But once again, I can feel the water pushing back against me. Once again, my new eyes cannot pierce the dark. I do not see the lines of the currents or the gleam of fish. My ears are full of the rush of seawater and the throb of my own heartbeat. I try to push through the heaving of the water all around me, try to slice through it like I once did. But the water fights me, and even after all these weeks of working to strengthen my limbs, they are not strong enough. The water is a fist about my body, shaking me, squeezing me before at last it hurls me away.

No. I will not give in. This is my home! 

My lungs are burning, and I can feel the pressure around my head like a hot iron band. And then, instinctively, I gasp, trying to breathe. Then I’m choking on seawater, no gills to filter out water from air. I thrash about, blind, losing sense of where I’m heading. Down? To the surface? Where even is the surface? 

Then arms wrap around me and I’m being propelled upward. I’m pulled through the heaving water and back to the solid shore. I cough up water for several minutes before I see Jonas kneeling beside me. 

“What are you going to do when I’m not here to pull you out again?” he asks me. 

I don’t have an answer for him.

“My parents want to keep you away from the ocean,” he says. “They’re not going to allow you near the water’s edge until you are no longer a danger to yourself.”

“No,” I say, as loudly and firmly as I can, but my voice is still hoarse. They won’t keep me from the ocean. From where I belong. I have to make him understand. “I’m not a danger to myself. Or anyone else.”

Jonas is silent for a moment. “This is the fourth time this week I’ve had to rescue you from almost drowning,” he says. “What are you trying to do?”

I drag myself into a sitting position, pulling my knees to my chest. The wind feels like it’s trying to shear my skin from my bones and I’m so cold that my whole body shakes. 

“I just want to go home.”

He considers this, watching me with his hazel eyes. “How does diving into the ocean take you home?”

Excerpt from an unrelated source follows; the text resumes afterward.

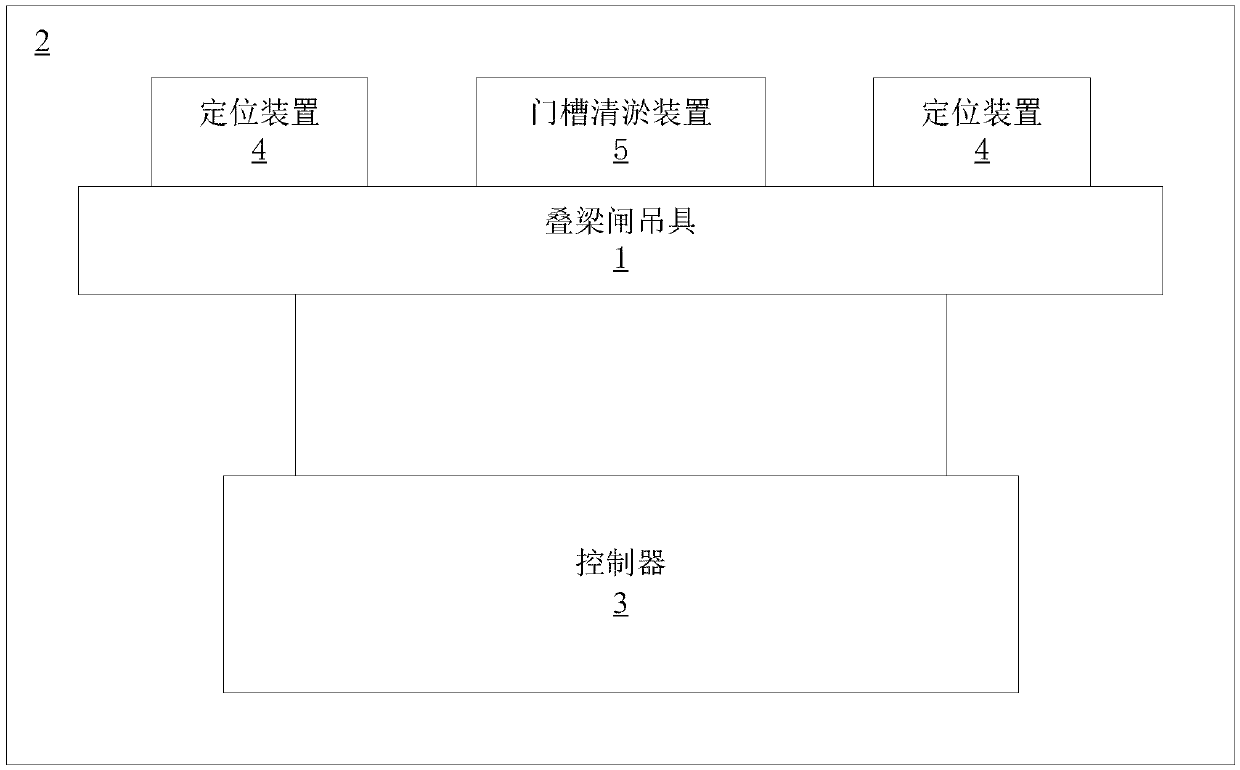 Stoplog gate lifting appliance and safety control device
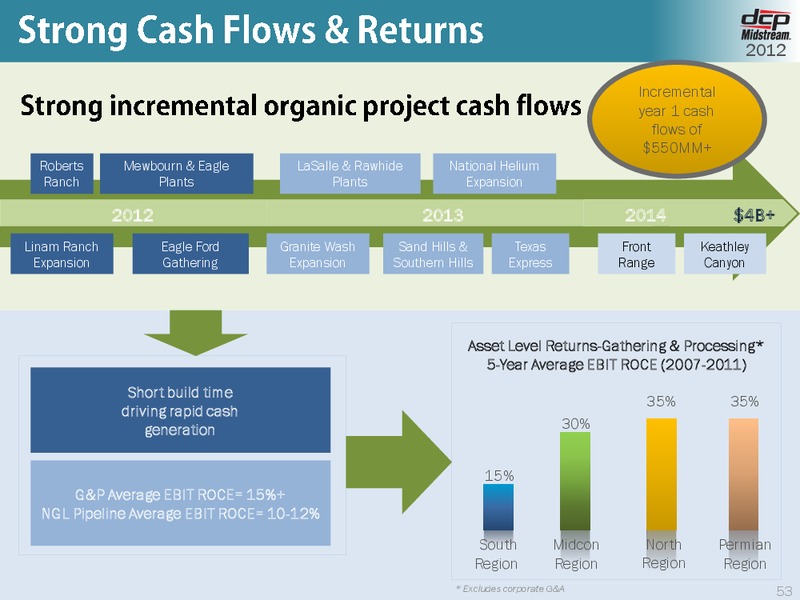 OCTOBER 2012 INVESTOR DAY – DCP Midstream Partners Lp – slide 52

He will never understand this, but I say it anyway. “The ocean is my home.”

“Drowning yourself won’t bring your family back.”

He’s wrong. He thinks my family must have died in a shipwreck or something. He doesn’t understand that they are right there. My home is right there. But out of reach. 

But he’s also right. It won’t bring my family to me. I can’t get my home back. It may not have changed. It might be right in front of me, but I am different now. I have been changed--and what was everything to me is now out of reach. 

“I can’t go back home,” I say, quietly. “It’s gone.” It isn’t really gone. It’s still physically there. But for me, it is. 

Jonas stares out at the sea, waves dipped in silver, reflecting back the moonlight. “My parents sold their house almost two years ago,” he says. 

Now it is my turn to watch him while he watches the sea. 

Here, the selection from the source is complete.